L’ami Pascal Bouchet réagit à cet événement tragique en réalisant un projet de tombeau pour le père et le fils. Quelques temps après ce fut la rencontre d’Anissa Asselah, accueillie par la Compagnie du Hasard à Blois.

Projet du tombeau

Projet de Tombeau © 1994 Pascal Bouchet-Asselah

C'est Gérard Beaudoin directeur de l'IAV qui me proposa de mettre en oeuvre une exposition de photographies. J'enseignais pour la première année dans cette école des Beaux-Arts. Et plutôt que montrer un travail existant j'ai réalisé ces deux séries de portraits quelques jours avant l'installation de l'exposition.

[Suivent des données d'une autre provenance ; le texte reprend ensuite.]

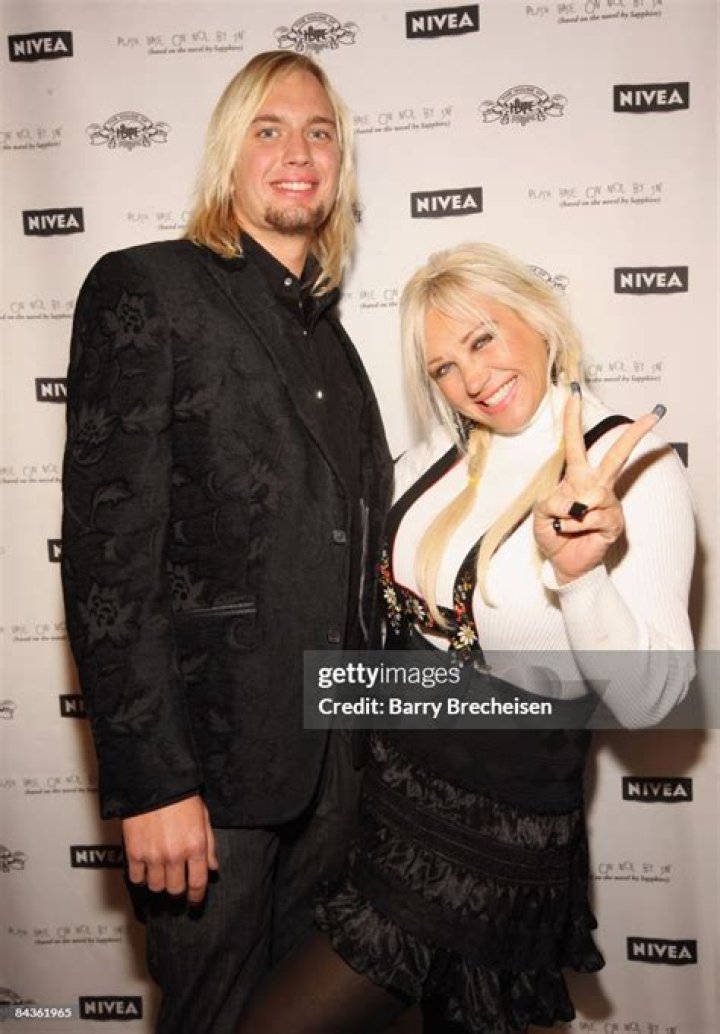 What transpired between Linda Hogan and Charlie Hill? She is currently where?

Texte accompagnant les photographies durant l'exposition.
Chaque mardi soir après avoir passé la journée à l'I.A.V. je pense souvent à tout ce que j'ai entendu, tout ce que j'ai ressenti.
Devant cette incertitude de l'avenir exprimée par quelques étudiants -incertitude teintée de dérision ou d'enthousiasme- les murs de l'école ont alors une apparence de "refuge". Le reste de la semaine je me nourris d'une certaine perception de monde ! J'utilise des morceaux de temps à penser au récit que me fit Anissa Asselah il y a quelques mois à propos de l'assassinat de son mari Ahmed (directeur de l'école des beaux-arts d'Alger), de leur fils Rabah (étudiant), de son propre exil à Paris et celui d'étudiants, professeurs, écrivains, journalistes...
Puis je vagabonde dans mon histoire et se mélangent au fond de moi des mots, des images, une impossible mémoire.
Je me souviens d'une salle des fêtes située au milieu du Campo-Santo à l'époque ou j'étais étudiant à l'école des beaux-arts d'Orléans. Cette salle des fêtes fut un point d'arrivée pour les réfugiés de la guerre d'Espagne en 1936.
Je n'aurai toujours que le loisir de penser au point de départ, à ce point de départ, à ce point de non-retour d'où est parti mon père quelque part en Espagne.
Le luxe de mon quotidien est d'utiliser du temps à superposer toutes ces pensées pour n'y voir que des paysages à travers les visages connus ou inconnus. Je ne peux que tenter de témoigner de l'existence de ceux qui font l'objet de mes pensées sans faire le reportage d'aucun événement.

Exposition :

-Galerie de l'I.A.V. ORLÉANS, Janvier 1997
-Fondation Ahmed et Rabah ASSELAH ALGER, Mars 1997

(Deux fresques, l’une faite de portraits d’étudiants et professeurs de l’E.N.S.B.A. d’Alger exilés en France, l’autre avec mes propres étudiants de l’Institut d’Arts Visuels d’Orléans).